== WORK ITEM ==
Give back the line below containing "Instructor Training Pathway" and every later line, exactly.
--------
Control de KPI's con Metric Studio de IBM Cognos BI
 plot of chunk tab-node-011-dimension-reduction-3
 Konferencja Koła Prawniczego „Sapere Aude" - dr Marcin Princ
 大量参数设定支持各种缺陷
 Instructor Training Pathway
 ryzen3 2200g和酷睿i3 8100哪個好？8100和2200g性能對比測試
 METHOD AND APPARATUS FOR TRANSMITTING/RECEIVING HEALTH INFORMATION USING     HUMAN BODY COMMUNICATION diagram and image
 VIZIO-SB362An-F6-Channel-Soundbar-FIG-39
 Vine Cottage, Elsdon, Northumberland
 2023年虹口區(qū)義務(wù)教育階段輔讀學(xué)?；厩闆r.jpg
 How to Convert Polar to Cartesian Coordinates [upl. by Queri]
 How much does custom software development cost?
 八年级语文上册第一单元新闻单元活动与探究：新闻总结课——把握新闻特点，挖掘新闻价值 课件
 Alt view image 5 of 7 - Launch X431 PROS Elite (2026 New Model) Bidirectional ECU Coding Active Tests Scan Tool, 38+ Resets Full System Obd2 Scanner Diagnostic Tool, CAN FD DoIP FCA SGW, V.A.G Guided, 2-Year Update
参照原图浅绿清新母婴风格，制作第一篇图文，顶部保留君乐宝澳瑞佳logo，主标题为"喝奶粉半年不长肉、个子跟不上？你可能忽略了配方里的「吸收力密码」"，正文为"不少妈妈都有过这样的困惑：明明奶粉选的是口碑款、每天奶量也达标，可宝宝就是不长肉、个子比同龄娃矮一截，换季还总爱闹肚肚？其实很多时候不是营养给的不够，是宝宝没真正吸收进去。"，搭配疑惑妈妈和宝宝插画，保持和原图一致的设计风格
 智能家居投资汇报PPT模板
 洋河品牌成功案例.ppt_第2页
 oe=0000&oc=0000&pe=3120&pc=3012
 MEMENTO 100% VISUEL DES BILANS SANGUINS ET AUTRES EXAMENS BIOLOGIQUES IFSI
--------
== ANSWER SECTION ==
 Instructor Training Pathway
 ryzen3 2200g和酷睿i3 8100哪個好？8100和2200g性能對比測試
 METHOD AND APPARATUS FOR TRANSMITTING/RECEIVING HEALTH INFORMATION USING     HUMAN BODY COMMUNICATION diagram and image
 VIZIO-SB362An-F6-Channel-Soundbar-FIG-39
 Vine Cottage, Elsdon, Northumberland
 2023年虹口區(qū)義務(wù)教育階段輔讀學(xué)?；厩闆r.jpg
 How to Convert Polar to Cartesian Coordinates [upl. by Queri]
 How much does custom software development cost?
 八年级语文上册第一单元新闻单元活动与探究：新闻总结课——把握新闻特点，挖掘新闻价值 课件
 Alt view image 5 of 7 - Launch X431 PROS Elite (2026 New Model) Bidirectional ECU Coding Active Tests Scan Tool, 38+ Resets Full System Obd2 Scanner Diagnostic Tool, CAN FD DoIP FCA SGW, V.A.G Guided, 2-Year Update
参照原图浅绿清新母婴风格，制作第一篇图文，顶部保留君乐宝澳瑞佳logo，主标题为"喝奶粉半年不长肉、个子跟不上？你可能忽略了配方里的「吸收力密码」"，正文为"不少妈妈都有过这样的困惑：明明奶粉选的是口碑款、每天奶量也达标，可宝宝就是不长肉、个子比同龄娃矮一截，换季还总爱闹肚肚？其实很多时候不是营养给的不够，是宝宝没真正吸收进去。"，搭配疑惑妈妈和宝宝插画，保持和原图一致的设计风格
 智能家居投资汇报PPT模板
 洋河品牌成功案例.ppt_第2页
 oe=0000&oc=0000&pe=3120&pc=3012
 MEMENTO 100% VISUEL DES BILANS SANGUINS ET AUTRES EXAMENS BIOLOGIQUES IFSI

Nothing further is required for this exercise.